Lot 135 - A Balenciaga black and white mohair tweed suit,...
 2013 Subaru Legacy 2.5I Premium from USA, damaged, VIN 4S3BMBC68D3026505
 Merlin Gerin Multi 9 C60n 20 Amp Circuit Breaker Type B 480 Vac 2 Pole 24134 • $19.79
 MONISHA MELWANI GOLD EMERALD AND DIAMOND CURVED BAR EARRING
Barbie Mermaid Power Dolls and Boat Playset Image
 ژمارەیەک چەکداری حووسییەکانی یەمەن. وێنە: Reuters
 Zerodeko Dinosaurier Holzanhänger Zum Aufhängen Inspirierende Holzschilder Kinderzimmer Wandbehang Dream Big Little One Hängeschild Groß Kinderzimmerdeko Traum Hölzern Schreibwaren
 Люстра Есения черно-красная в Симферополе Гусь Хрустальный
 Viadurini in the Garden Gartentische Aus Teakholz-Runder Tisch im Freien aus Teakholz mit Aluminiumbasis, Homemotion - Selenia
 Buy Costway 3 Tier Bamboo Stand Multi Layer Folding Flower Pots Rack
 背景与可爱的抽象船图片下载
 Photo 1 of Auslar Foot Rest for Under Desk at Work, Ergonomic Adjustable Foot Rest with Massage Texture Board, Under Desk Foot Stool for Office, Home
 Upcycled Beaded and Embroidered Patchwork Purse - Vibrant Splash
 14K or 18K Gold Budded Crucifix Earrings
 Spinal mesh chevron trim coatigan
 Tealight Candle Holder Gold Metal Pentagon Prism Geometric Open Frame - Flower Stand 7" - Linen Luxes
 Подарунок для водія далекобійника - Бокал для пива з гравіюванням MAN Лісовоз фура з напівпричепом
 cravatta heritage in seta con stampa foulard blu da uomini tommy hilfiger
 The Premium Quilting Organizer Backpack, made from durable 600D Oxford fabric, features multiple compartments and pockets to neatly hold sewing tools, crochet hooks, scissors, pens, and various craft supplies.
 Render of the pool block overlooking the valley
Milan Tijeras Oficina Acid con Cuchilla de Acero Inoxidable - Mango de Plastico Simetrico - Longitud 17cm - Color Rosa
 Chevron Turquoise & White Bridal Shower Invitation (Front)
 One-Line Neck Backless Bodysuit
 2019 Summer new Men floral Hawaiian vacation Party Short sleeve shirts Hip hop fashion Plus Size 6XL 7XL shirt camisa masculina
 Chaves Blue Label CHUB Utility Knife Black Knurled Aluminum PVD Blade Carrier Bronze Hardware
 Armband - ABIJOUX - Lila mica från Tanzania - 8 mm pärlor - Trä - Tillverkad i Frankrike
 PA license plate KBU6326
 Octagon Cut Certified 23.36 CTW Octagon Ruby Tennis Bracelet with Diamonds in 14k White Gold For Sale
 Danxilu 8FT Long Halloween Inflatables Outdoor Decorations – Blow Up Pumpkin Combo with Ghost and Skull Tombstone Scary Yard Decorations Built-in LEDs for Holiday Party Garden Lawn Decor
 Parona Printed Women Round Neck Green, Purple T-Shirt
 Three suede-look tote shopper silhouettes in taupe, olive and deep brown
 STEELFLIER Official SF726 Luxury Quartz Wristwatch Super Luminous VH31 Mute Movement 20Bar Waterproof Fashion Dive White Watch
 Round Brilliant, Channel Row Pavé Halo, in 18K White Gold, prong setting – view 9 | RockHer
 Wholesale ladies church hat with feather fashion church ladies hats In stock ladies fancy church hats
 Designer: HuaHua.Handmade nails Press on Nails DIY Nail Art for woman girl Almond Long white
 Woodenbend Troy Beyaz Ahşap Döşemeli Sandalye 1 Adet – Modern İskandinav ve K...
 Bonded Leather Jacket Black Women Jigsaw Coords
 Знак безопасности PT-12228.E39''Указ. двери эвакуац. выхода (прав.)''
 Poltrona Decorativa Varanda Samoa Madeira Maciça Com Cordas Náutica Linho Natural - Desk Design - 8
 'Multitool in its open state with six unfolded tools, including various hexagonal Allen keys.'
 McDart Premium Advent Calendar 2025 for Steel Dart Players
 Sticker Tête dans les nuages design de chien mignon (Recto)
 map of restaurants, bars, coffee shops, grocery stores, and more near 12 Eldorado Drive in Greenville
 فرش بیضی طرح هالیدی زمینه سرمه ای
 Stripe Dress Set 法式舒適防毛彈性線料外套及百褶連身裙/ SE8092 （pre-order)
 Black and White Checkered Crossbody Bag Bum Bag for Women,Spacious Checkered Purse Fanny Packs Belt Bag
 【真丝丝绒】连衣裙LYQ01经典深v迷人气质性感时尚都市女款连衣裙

Task item –
Write down again, exactly as given, only the lines above that fall from the line with "Spinal mesh chevron trim coatigan" to the line with "cravatta heritage in", inclusive.

Output –
 Spinal mesh chevron trim coatigan
 Tealight Candle Holder Gold Metal Pentagon Prism Geometric Open Frame - Flower Stand 7" - Linen Luxes
 Подарунок для водія далекобійника - Бокал для пива з гравіюванням MAN Лісовоз фура з напівпричепом
 cravatta heritage in seta con stampa foulard blu da uomini tommy hilfiger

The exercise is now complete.